Top of SOURCE MATERIAL

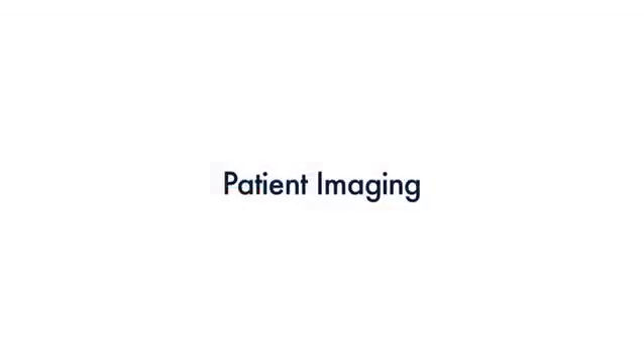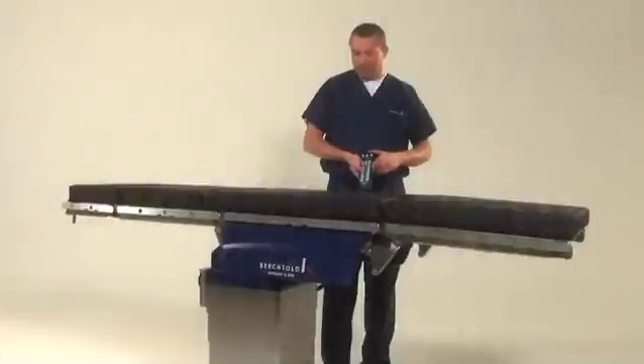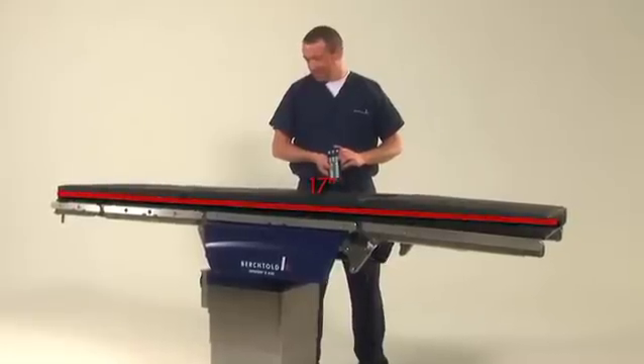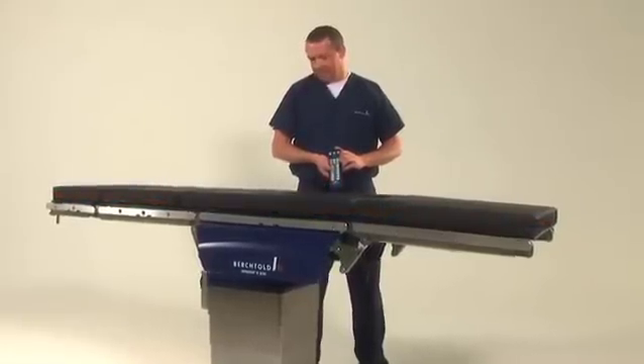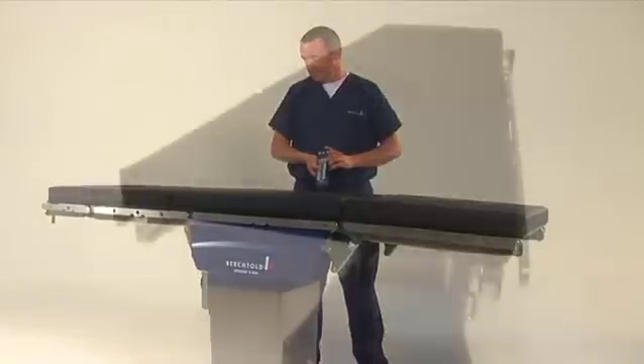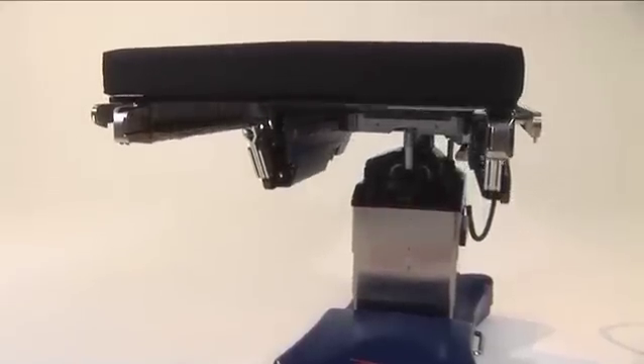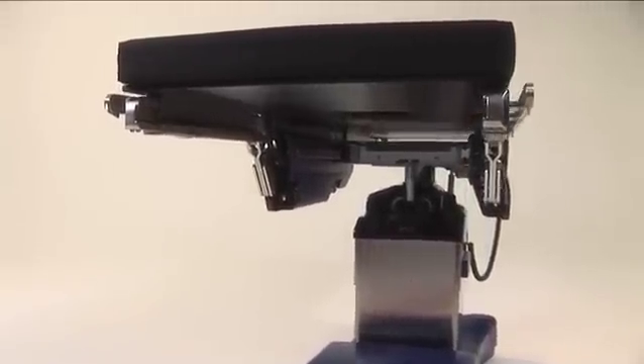The D850's carbon fiber tabletop construction improves image clarity while minimizing risk of exposure to patients and OR staff. 17 inches of longitudinal slide provides superior C-arm coverage without the need to reposition or reverse the patient. The space between the side panels is open, allowing the C-arm to slide all the way to the column.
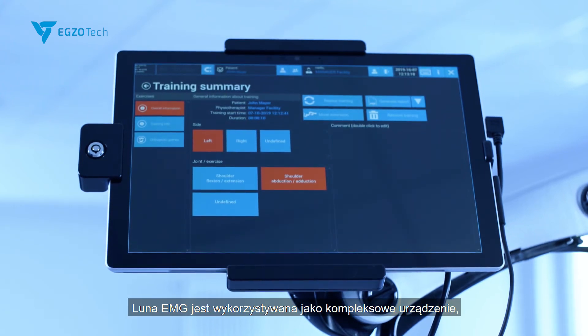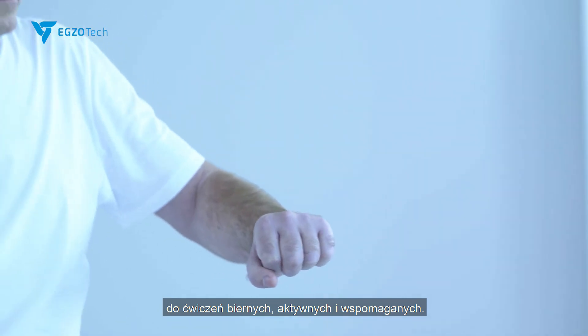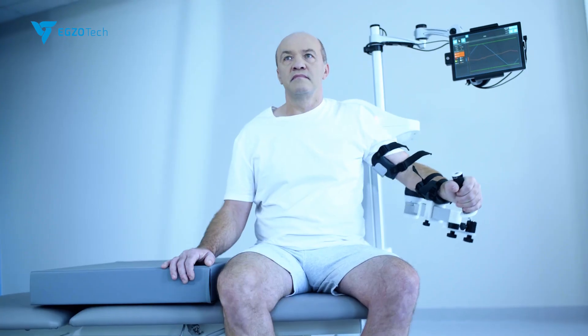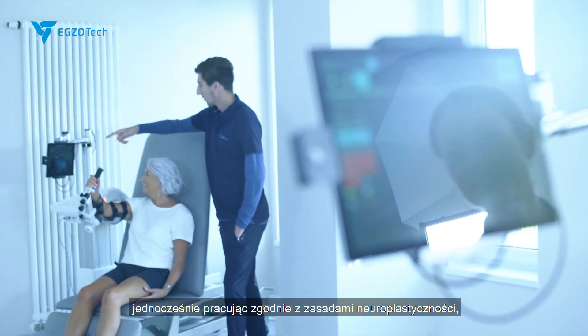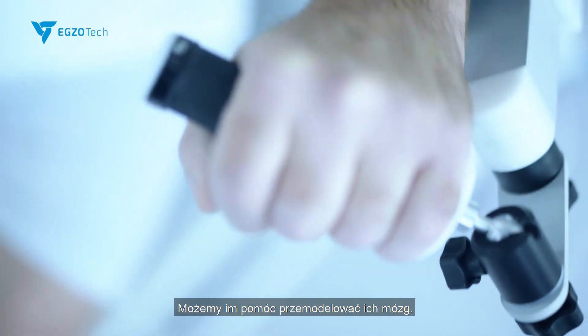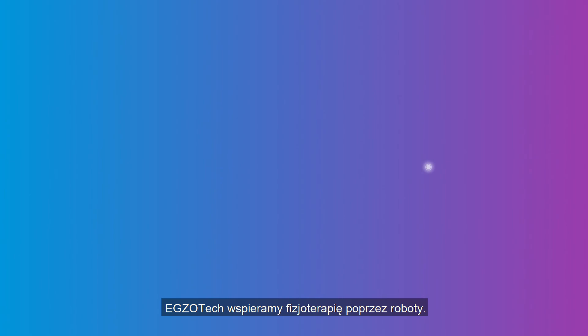Luna EMG is used as a holistic device with passive, active, and active assistive training. Robotics can help patients perform exercises beyond their limits. Summarizing, we have an assessment and training tool for patients in all stages of rehabilitation. We can adapt the training to work with different kinds of pathologies and really work according to neuroplasticity rules to better support our patients. We can help them rewire their brain and gain back the functions which they've lost. ExoTech, empowering physiotherapy with robots.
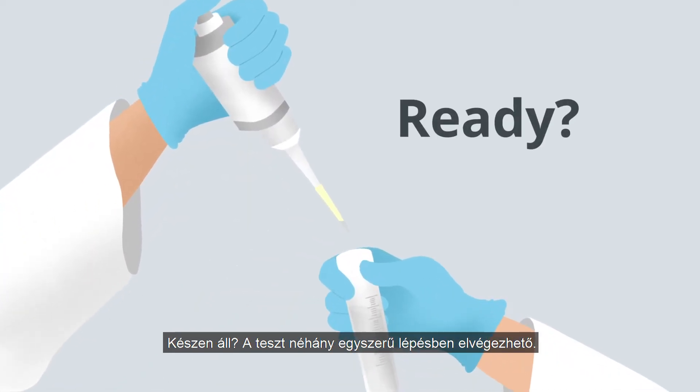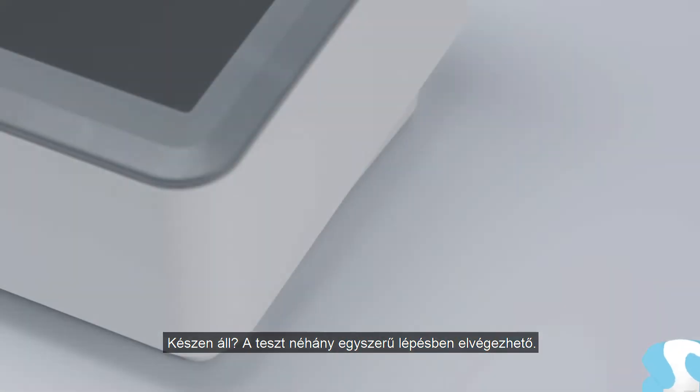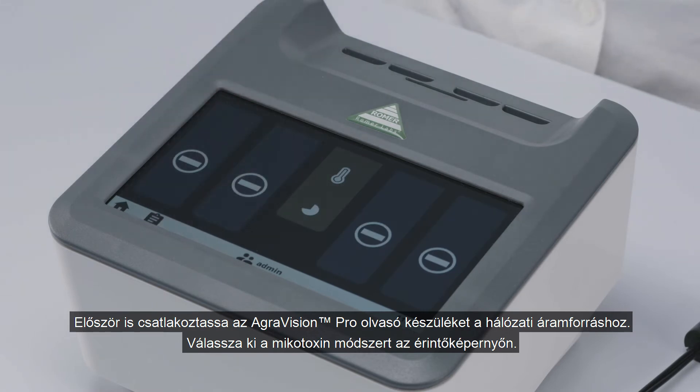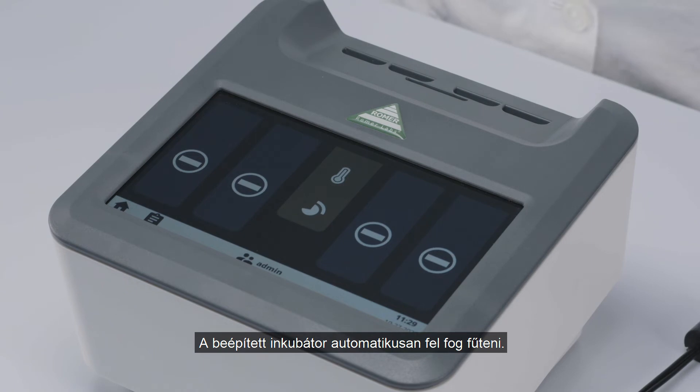The test works in just a few simple steps. Begin by plugging in the AgriVision Pro Reader. Select the mycotoxin method via the touch screen. The built-in incubator will automatically heat up.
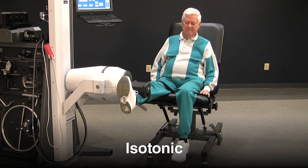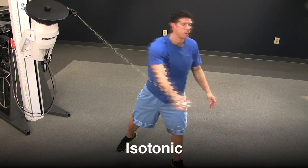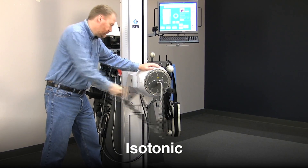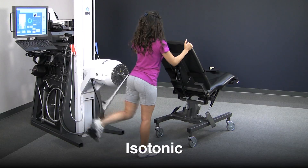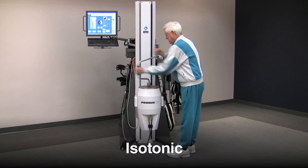The Primus Isotonics works unlike any device on the market. It's smooth, it's agile, and it has no speed constraints. It is the most functional mode to replicate real-life situations. Patients with joint injuries can work the muscle to fatigue without inflaming the joint. Isotonic resistance is indispensable for functional rehabilitation.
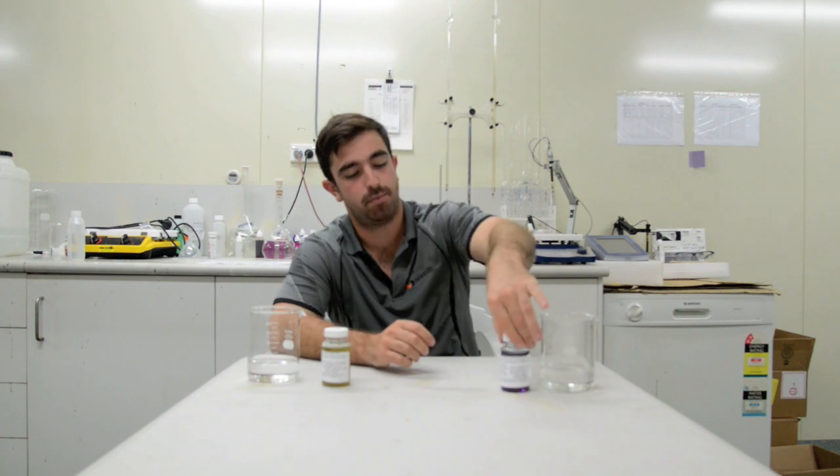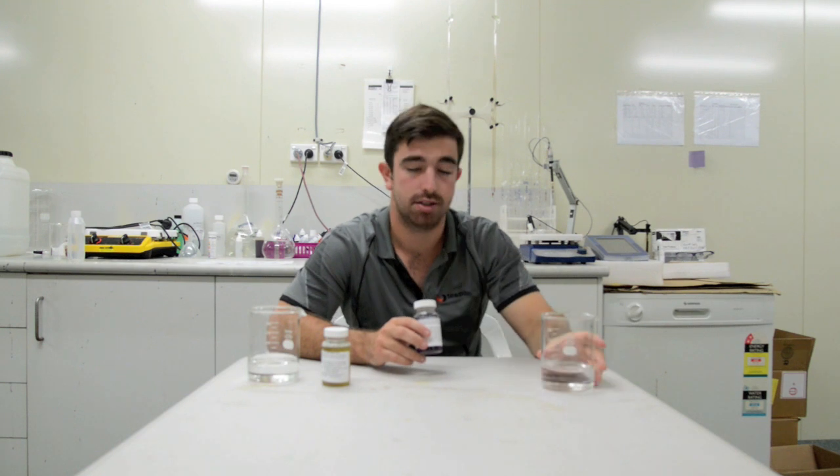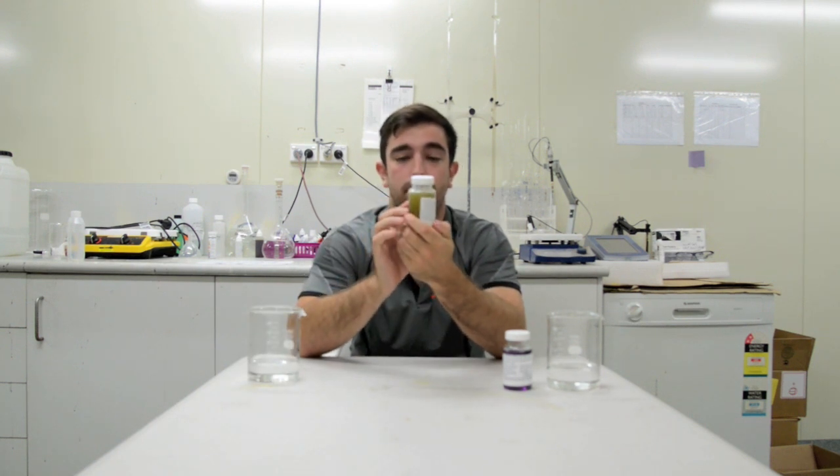After 48 hours, we have a purple result, which is a negative result, showing there's no coliform bacteria in this water supply. Our other water supply, on the other hand, is yellow. Yellow is a positive result for coliform bacteria.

Bottom of SOURCE MATERIAL

▸ **EXERCISE GOAL**: Pictures aside, reproduce exactly the lines from the one containing "Luna EMG is" to the end of the listing above, both ends included.

▸ **SOLUTION TO THIS PROBLEM**:
Luna EMG is used as a holistic device with passive, active, and active assistive training. Robotics can help patients perform exercises beyond their limits. Summarizing, we have an assessment and training tool for patients in all stages of rehabilitation. We can adapt the training to work with different kinds of pathologies and really work according to neuroplasticity rules to better support our patients. We can help them rewire their brain and gain back the functions which they've lost. ExoTech, empowering physiotherapy with robots.
The test works in just a few simple steps. Begin by plugging in the AgriVision Pro Reader. Select the mycotoxin method via the touch screen. The built-in incubator will automatically heat up.
The Primus Isotonics works unlike any device on the market. It's smooth, it's agile, and it has no speed constraints. It is the most functional mode to replicate real-life situations. Patients with joint injuries can work the muscle to fatigue without inflaming the joint. Isotonic resistance is indispensable for functional rehabilitation.
After 48 hours, we have a purple result, which is a negative result, showing there's no coliform bacteria in this water supply. Our other water supply, on the other hand, is yellow. Yellow is a positive result for coliform bacteria.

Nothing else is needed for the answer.